--- SOURCE INFORMATION Enclosed Below ---
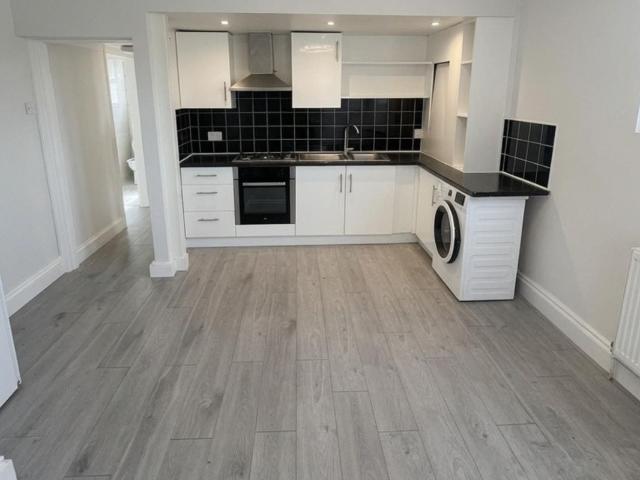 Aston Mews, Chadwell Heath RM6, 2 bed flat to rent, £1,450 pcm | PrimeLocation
--- End of Enclosed SOURCE INFORMATION ---
--- SOURCE INFORMATION Enclosed Below ---
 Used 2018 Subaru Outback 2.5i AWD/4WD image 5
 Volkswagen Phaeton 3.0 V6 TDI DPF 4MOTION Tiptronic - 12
--- End of Enclosed SOURCE INFORMATION ---
--- SOURCE INFORMATION Enclosed Below ---
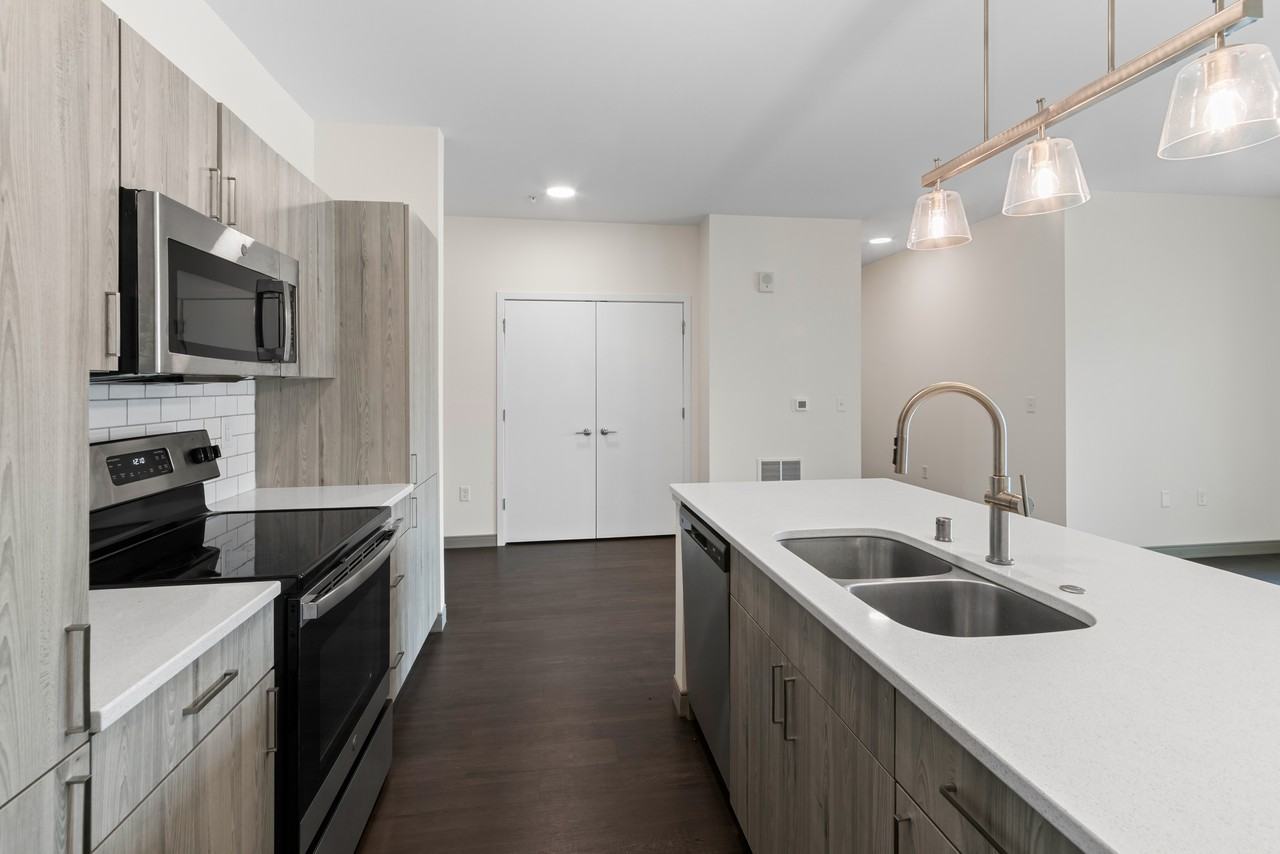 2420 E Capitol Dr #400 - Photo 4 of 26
--- End of Enclosed SOURCE INFORMATION ---
WHAT NEEDS TO BE DONE: Every line from the line containing "Used 2018 Subaru" through the line containing "Volkswagen Phaeton 3.0" in the records above must be retyped exactly. Leave out the rest.

EXERCISE OUTPUT:
 Used 2018 Subaru Outback 2.5i AWD/4WD image 5
 Volkswagen Phaeton 3.0 V6 TDI DPF 4MOTION Tiptronic - 12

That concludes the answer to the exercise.